NFT: A Sum of its Parts.
by Shiju K S on April 1, 2021
Imagine owning a rare 1909 Honus Wagner T206 baseball card valued at over half a million dollars, by spending only $50. A little fanciful for those late to the party, for them, I present Mr. Sharpe. He’s one of the thousands of people who are the ‘fractional owners’ of the above rare collectible card which was recently issued as 10,000 NFT shares at $52 apiece on the fractional ownership collectibles site Rally Rd.
Non-fungible tokens (NFTs) are non-interchangeable, unique, and non-divisible tokens that represent a unique asset or a scarce physical property. Similar to a deed to a house, which is a record of your ownership.
As our daily life and social, cultural, and financial engagement go digital-first, NFTs are ushering in a digital paradigm shift in ownership of real-world possessions, assets, and cultural items. With blockchain and cryptocurrency chipping away at the old institutions and ushering in the decentralized revolution, fractional NFTS is enabling thousands of global digital citizens to participate in an economy, considered halo ground for the very wealthy until recently.
As OpenSea’s co-founder Alex Atallah puts it, “If you spend 10 hours a day on the computer or eight hours a day in the digital realm, then art in the digital realm makes tonnes of sense – because it is the world,” . An NFT is an electronic record representing ownership of the NFT but not necessarily the asset underlying the NFT.

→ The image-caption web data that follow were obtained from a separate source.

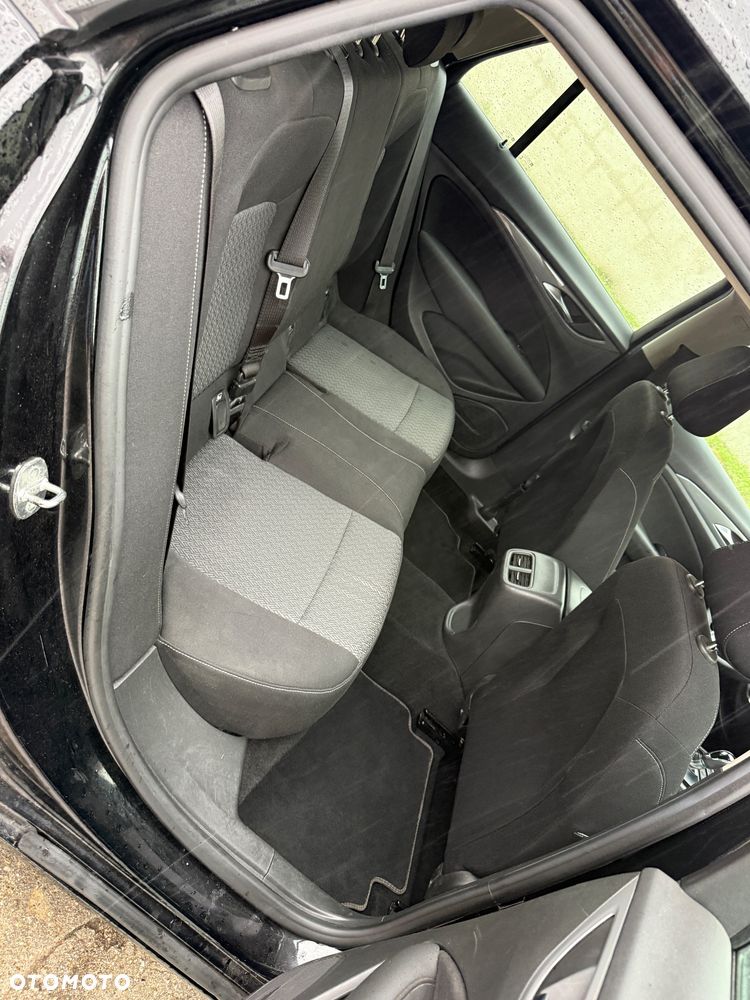 Opel Insignia 2.0 CDTI Ultimate S&S - 10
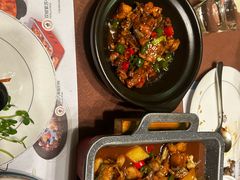 -意卡菲·欢乐聚会餐厅(华侨店)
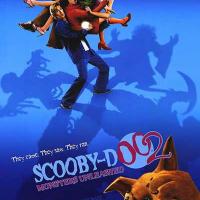 Scooby-doo 2 : Les Monstres se Déchaînent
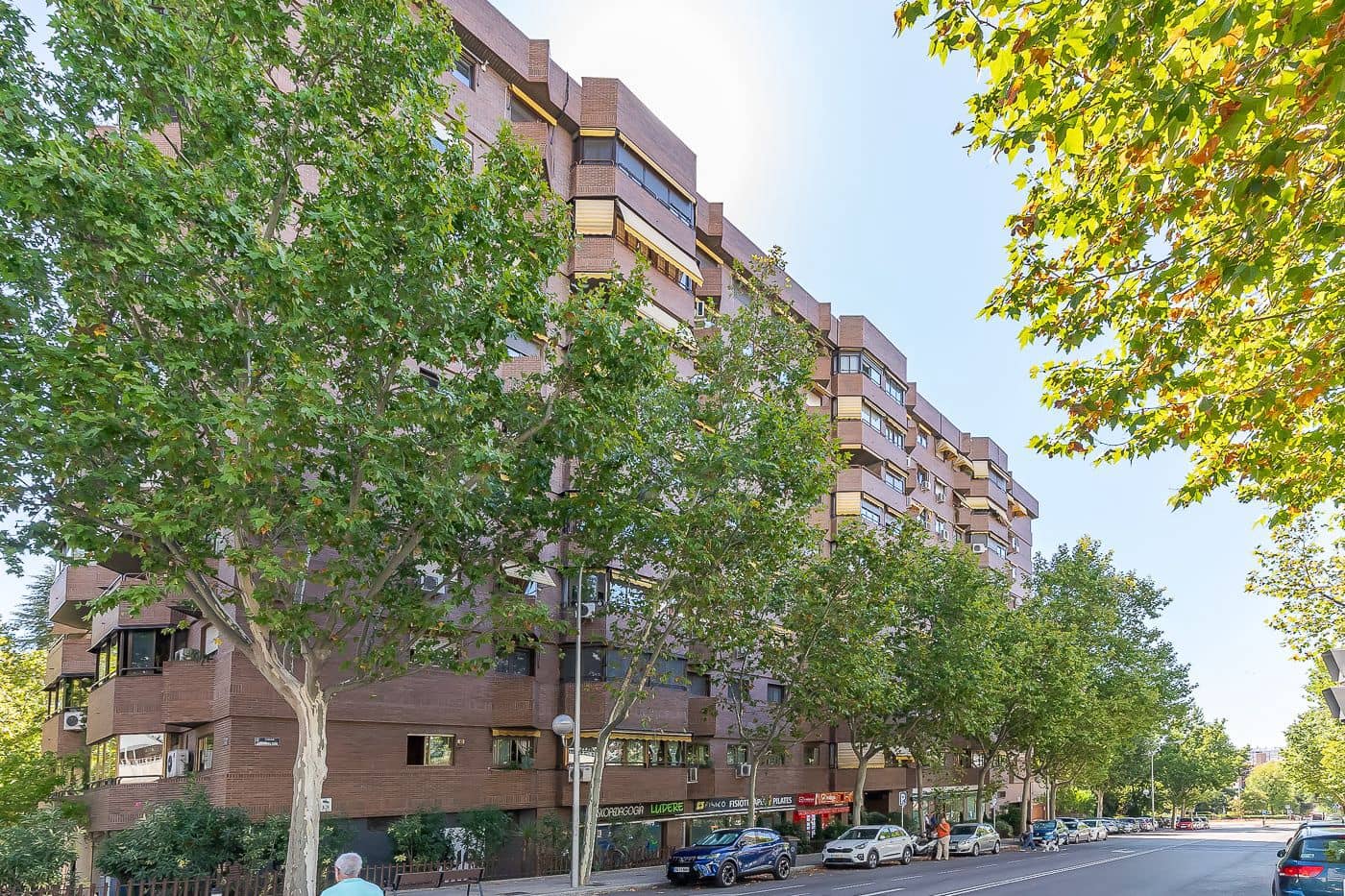 2 camera da letto Appartamento in vendita in Madrid citta con piscina garage - 699.000 € (Rif: 10093760)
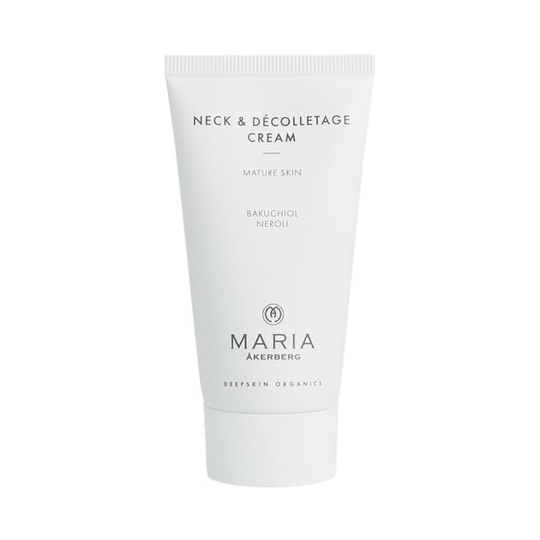 Neck & Décolletage Cream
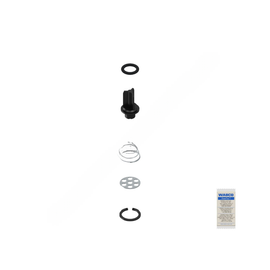 WAB 432 470 922 2 KIT-CHECK VALVE
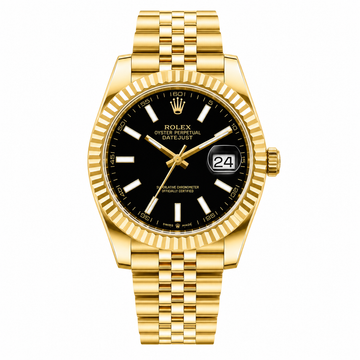 Rolex Style Premium Watch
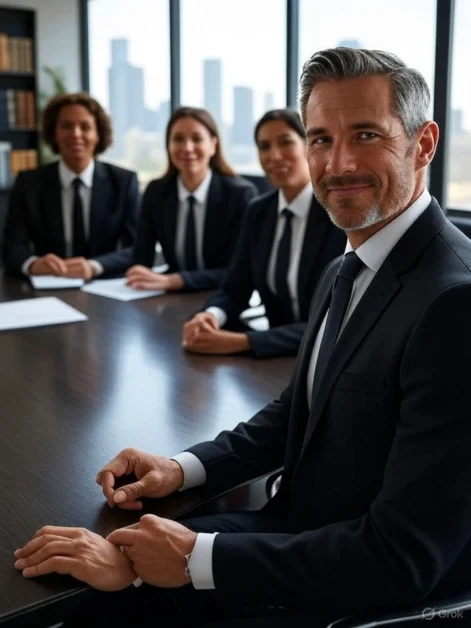 Digital Promotion: Increase Local Clients for Family Law Advocates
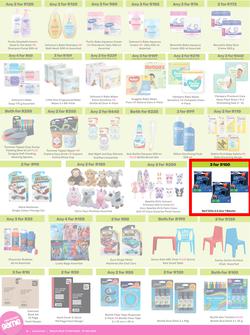 Game : More 4 Less (01 November - 31 January 2025), page 6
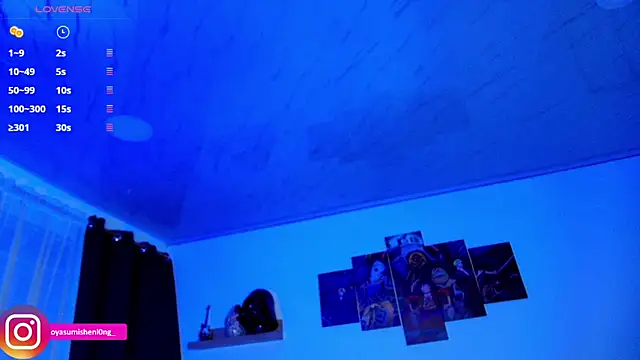 Nicorobinn online show from 03.02.26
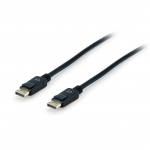 Cavo displayport dp 1.4 8k - 2 mt nero (119252)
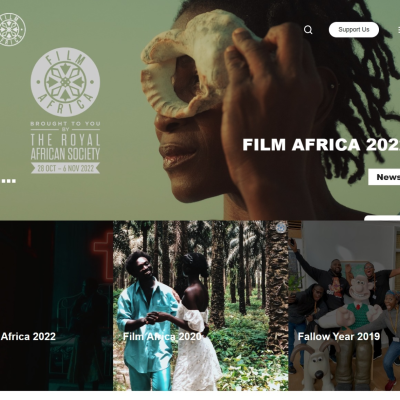 First Africa 2022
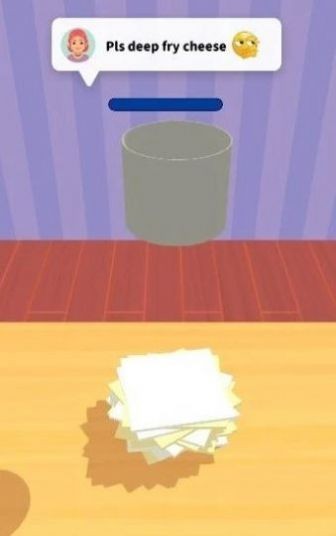 ʳƷFired Food Diy؈D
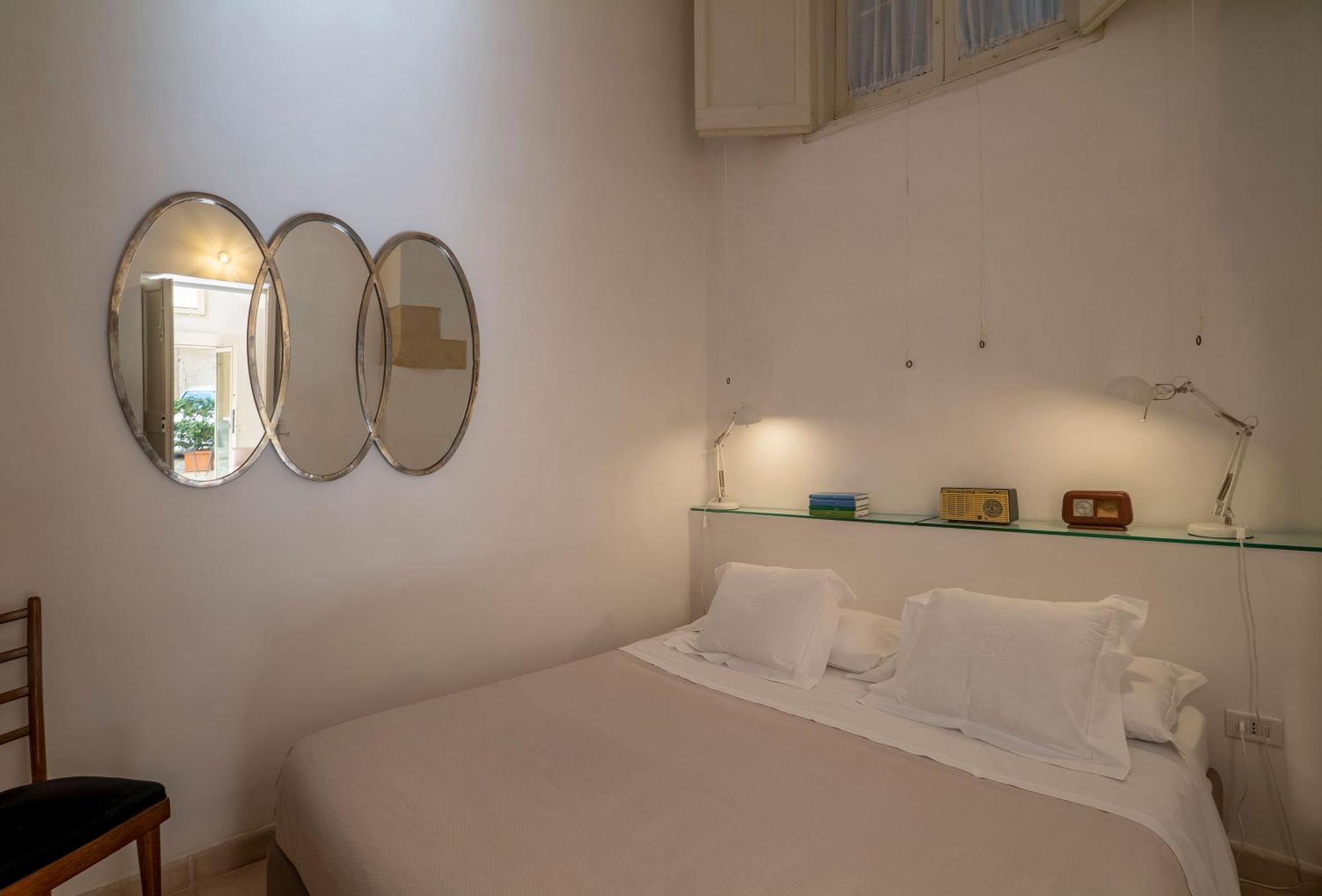 Corte Dei Romiti Apartment - Lecce Selection Exterior foto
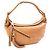 Borsa a mano Salvatore Ferragamo Gancini 21 in pelle marrone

Fractional- NFTs or F-NFTs is an emerging sub-asset class where several unrelated parties can share in the risk and ownership of high-value tangible things.F-NFTs features an additional piece of logic, the Buyout Clause, that enables people to use what they want when they want without having to truly own things. Touted to be the next big thing in Decentralised Finance (DeFi), some of the features of F-NFTs that make it exciting are; Live Valuation, Democratization of luxury assets, and more Liquidity.
Live Valuation enables dynamic, real-time updates of asset value every time a fraction is traded on the open market. This has been missing so far in the NFT space. Moreover, now that you can buy fractions of NFTs, there will be a nearly infinite number of collectors/buyers. The ability to buy a fraction of a rare CryptoPunk for as low as $1 instead of putting up $10,000 makes diversification of portfolios across NFTs much easier. F-NFTs mean more buyers and sellers that means better markets. Governance and Rights are other areas ripe for disruption by F-NFTs. Voting, revenue sharing, and digital governance become more tangible concepts encouraging wider participation.
The business of high-end luxury, music, videos, e-books, games, photography, etc. is being transformed by fractional ownership. Startups in the DeFi space are offering consumers a chance to own fine art pieces or unique collectibles, if only a fraction, like never before. Innovative business models are changing our concept of ownership of assets. In recent times, fractional ownership structures have sprung up around for vintage cars, thoroughbred racehorses, vintage sneakers, and other physical assets.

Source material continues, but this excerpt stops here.